Corporate Director Compensation Disputes in Japanese Courts and What to Make of Them
Abstract
Der Beitrag analysiert 230 Entscheidungen japanischer Gerichte, die zwischen 1953 und 2018 in Verfahren ergingen, in denen um die Vergütung von Verwaltungsratsmitgliedern von Unternehmen gestritten wurde, um auf diese Weise zu klären, welchen Einfluss die Gerichte auf die Vergütungspraxis in Japan bislang gehabt haben. In sämtlichen Entscheidungen ging es um die Interpretation des Art. 361 Gesellschaftsgesetz bzw. dessen Vorgängernorm Art. 269 Handelsgesetz a.F. Die Untersuchung kommt zu vier Schlussfolgerungen, die zur Klärung der Frage beitragen.

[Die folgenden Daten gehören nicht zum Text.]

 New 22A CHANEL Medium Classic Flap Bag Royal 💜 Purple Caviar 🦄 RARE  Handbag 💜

Die erste Beobachtung ist, dass japanische Gerichte, insbesondere das Distriktgericht Tōkyō, sich relativ häufig mit Streitigkeiten wegen Vergütungen von Verwaltungsratsmitgliedern befassen. Eine zweite Beobachtung ist, dass sich diese Streitigkeiten in ihrem Wesen deutlich von denjenigen unterscheiden, welche das allgemeine Schrifttum zu dieser Frage behandelt, das stark von US-amerikanischen Erfahrungen geprägt ist und sich entsprechend auf den Einsatz von Aktionärsklagen zur Überprüfung von Vergütungen konzentriert.

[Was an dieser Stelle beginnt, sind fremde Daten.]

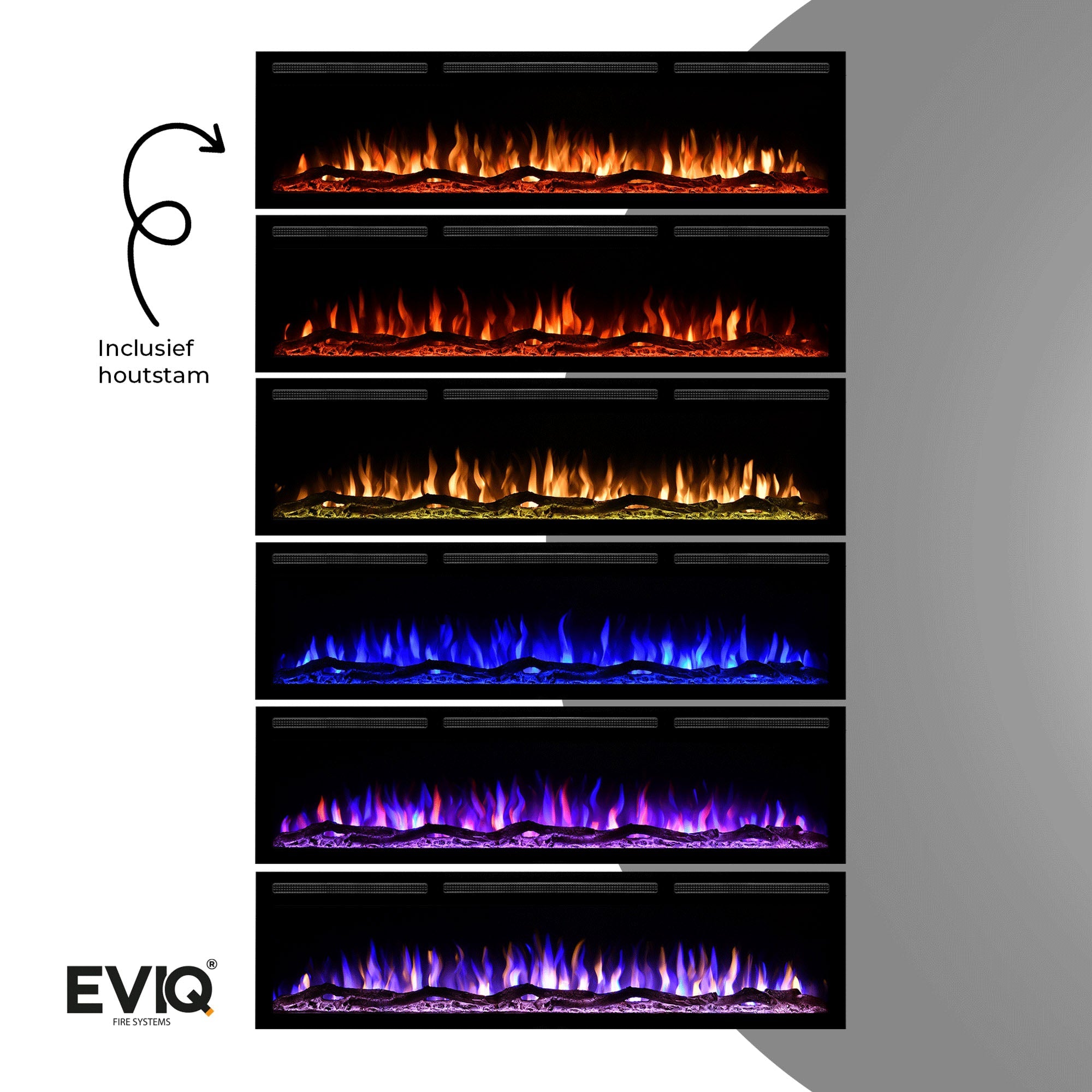 Cheminée électrique EVIQ Diamond 50″ pouces – 128 cm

Art. 361 Gesellschaftsgesetz lässt sich grob als eine Art „Say on Pay“ Regel umschreiben, nach der die Vergütung des Verwaltungsrates entweder durch die Satzung des Unternehmens oder durch die Hauptversammlung festgesetzt sein muss. Die Gerichte haben dieses organisationsrechtliche Erfordernis in recht unterschiedlicher Weise interpretiert. Generalisierend kann man sagen, dass von der Regelung bisher in zwei unterschiedlichen Konstellationen Gebrauch gemacht worden ist. Zum einen haben Aktionäre und auch Unternehmen die Regel genutzt, um die Vergütungsansprüche von Verwaltungsratsmitgliedern überprüfen zu lassen, wobei Aktionärsklagen nur eine geringe Rolle gespielt haben. In wesentlich größerem Umfang haben zum anderen aber Verwaltungsratsmitglieder selber die Regelung in gerichtlichen Verfahren genutzt, um ihre Vergütungsansprüche gegenüber den Unternehmen durchzusetzen.

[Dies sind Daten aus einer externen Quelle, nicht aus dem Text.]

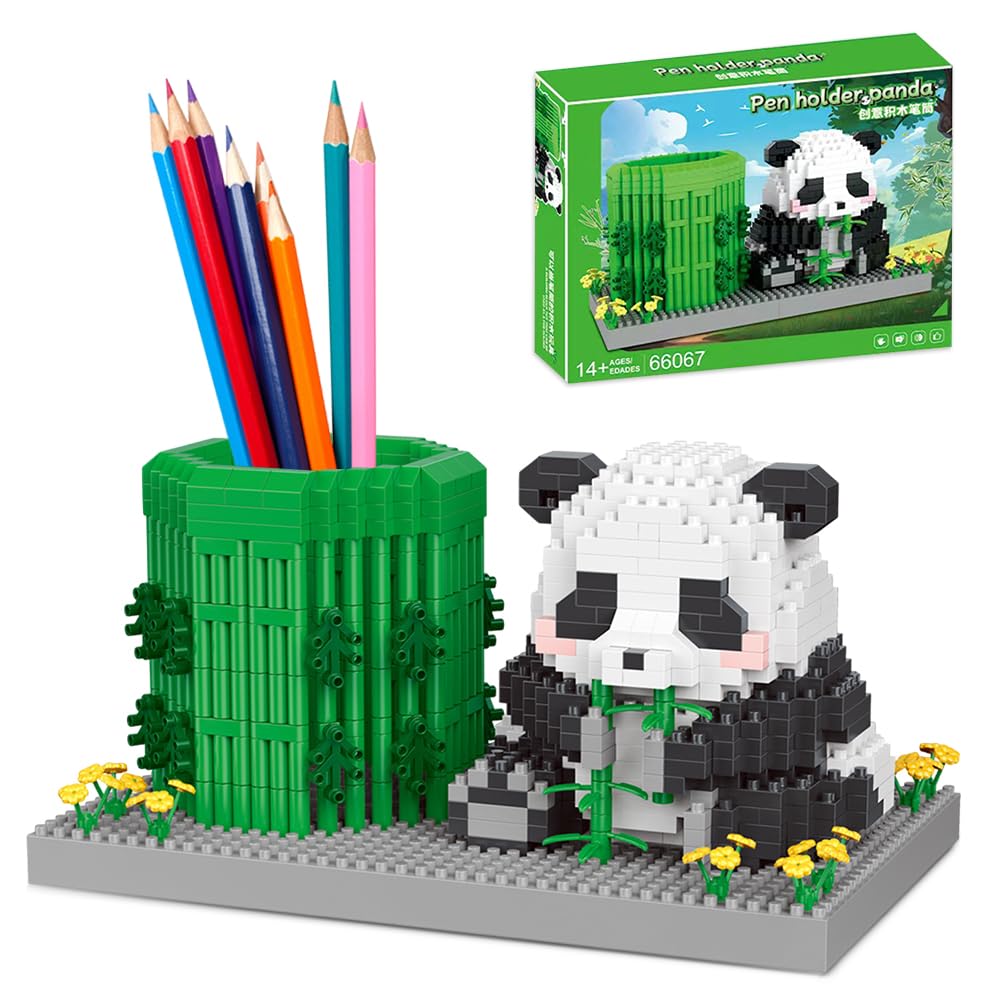 FCXVXCL Panda Building Blocks Panda Pen Holder Building Blocks DIY Desk Organiser Unique Collectible Gift Multifunctional Functional Office School Decor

Eine dritte Beobachtung, die aus der vorhergehenden folgt, ist diejenige, dass gerichtliche Streitigkeiten über Vergütungsfragen in Japan überwiegend von Verwaltungsratsmitgliedern und nur in geringerem Umfang von Aktionären als Mittel zur Klärung von Vergütungsfragen genutzt werden. Bei den allermeisten der für diesen Beitrag untersuchten Klagen handelt es sich um solche, die von Verwaltungsratsmitgliedern erhoben wurden. Der Grund hierfür liegt vor allem in der aktiven Rolle, welche die Gerichte in der Ausdifferenzierung der Regelung gespielt haben. Dies ist die vierte und finale Analyse des Beitrages. Da die Norm äußerst knapp gefasst ist und entsprechend zahlreiche Fragen unbeantwortet lässt, hat die Rechtsprechung eine Reihe von Grundsätzen zu deren Anwendung entwickelt, unter anderem bezüglich der Frage, wie die Entscheidung über die Vergütung zu treffen ist. In ihrer Gesamtheit haben die gerichtlichen Vorgaben dem Verwaltungsrat – und damit faktisch dessen vertretungsberechtigten Mitgliedern, welche diesen kontrollieren – einen großen Ermessensspielraum bei der Festsetzung der Vergütung im Einzelfall eingeräumt. Im Ergebnis hat dies die Rolle des Verwaltungsrats als „Gatekeeper“ im Rahmen von Vergütungsfragen gestärkt. Das wiederum hat Vergütungsrisiken für die einzelnen Verwaltungsratsmitglieder mit sich gebracht, vor allem wenn es zu Auseinandersetzungen mit dem Unternehmen kommt. In derartigen Situationen haben sich die Betroffenen oftmals an die Gerichte gewandt, um ihre Vergütungsansprüche durchzusetzen.